İnsanlık tarihi boyunca her kavme bir Peygamber gönderilmiş ve yeryüzünden insanlarla iç içe sayısız evliya ve Allah dostu gelip geçmiş; güzel ahlâk ve insaniyet-i kübrâ, yani ruh, kalp ve sair manevî duyguların azamî hüşyâr olduğu ve nefsin öldürüldüğü “yüksek insanlık” milyonlar tarafından yaşanmıştır. Cennet-i Bakiye bağlarına yolculuk hiç durmamıştır!
Allah dostlarının gerçek sayısını elbette Allah bilir. Bunu belli bir rakamla ifade etme imkânımız yoktur. Sabit rakamlara dökmek yerine; teksir ifade eden “milyonlar” tabirini kullanmak, daha gerçekçi bir ifade şeklidir. “Yüz yirmi dört bin enbiya ve yüz yirmi dört milyon evliya” tabiri İslâm geleneğinde teksir, yani çokluk ifade etmektedir. Enbiya ve evliyanın nefer sayısının en az bu rakamların üstünde olduğuna kinayedir. Nitekim Bedîüzzaman Hazretleri, “yüz yirmi dört milyondan ziyade evliya”1 ifadesini tercih ederek bu rakamın daha da “ziyade” olduğunu beyan etmiştir.
***
Ayşe Hanım:
*“Beyanat ve Tenvirler’de adı geçen Hindenburg kimdir?”
Bedîüzzaman Hazretleri, 1335 yılının (Milâdî 1919) Eylül’ünde girdiği bir rüya-yı sâdıkada, manevî bir meclisin İslâmın mukadderatıyla ilgili sorularını cevaplar. Manevî meclis tarafından, Birinci Dünya Harbinde neden mağlup olduğumuz, galip olmamızın kaderce neden önlendiği, şeriatın bu medeniyeti neden reddettiği, şeriatın nasıl bir medeniyet getirdiği, savaşa katılma ve mağlup düşme musibetinin dindeki hangi ihmalimizin neticesi olduğu çerçevesinde sorulan sorulara uzun ve ikna edici bir üslûpla cevaplar verir.

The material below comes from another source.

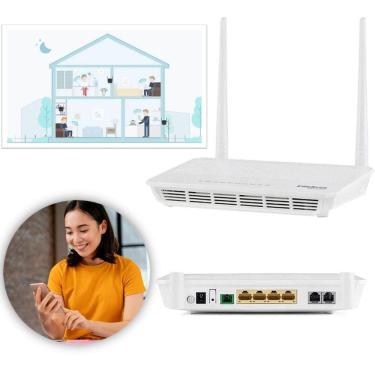 Imagem de Roteador Gpon 4P Ge 2P Fxs Wifi Ont142Nw Intelbras Nfe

Daha sonra heyecanla uyanarak, terli ve el pençe yatakta doğrulan Bedîüzzaman, aynı gün ümitle dünyevî başka bir mecliste de sorulan sorulara cevaplar verir. Bu sorular ve cevaplar çerçevesinde neden siyasete karışmadığını, din ile siyaset ilişkilerini, din adına neden siyaset yapılmayacağını, İttihat ve Terakki’nin adamlarının neden Antranik ve Venizelos gibi dış düşmanlarla bir tutulamayacağını verdiği cevaplarla açıklığa kavuşturur.
Burada sorulan sorulardan birisi de, baştan mağlup olacağımızı bile bile İttihat ve Terakki’nin bizi neden bu savaşa soktuğu ile ilgilidir. Bediüzzaman bu soruya verdiği cevapta, Hindenburg gibi dehşetli insanlara göre bile tam anlaşılamamış ve anlatılamamış olan Birinci Dünya Harbinin umumî gayesinin, safi halkımız gibi savaş oyunlarında acemi sayılan kesimlerce anlaşılmasına da imkân bulunmadığını, bu bağlamda fikir zannedilen şeyin, arzudan başka bir şey olmadığını, kişilerin zalimane şahsî intikamlarının, arzuya fikir sureti giydirdiğini kaydeder.2
Hindenburg’un kim olduğuna gelince:
1847’de Poznan’da doğan Alman mareşal ve devlet adamı Hindenburg, Harp Okulunu bitirdikten sonra Prusya Muhafız alayında 1866–1871 savaşlarına katılır. Sonra Harp akademisine girer ve Moltke ve Schlieffen’in bakanlığı sırasında Harbiye Bakanlığında hizmet eder. 1900 Yılında tümgeneral olur. 1903’te Magdeburg’ta 4. Kolordu kumandanlığına getirilir. 1911’de Hannover’de emekliye ayrılır.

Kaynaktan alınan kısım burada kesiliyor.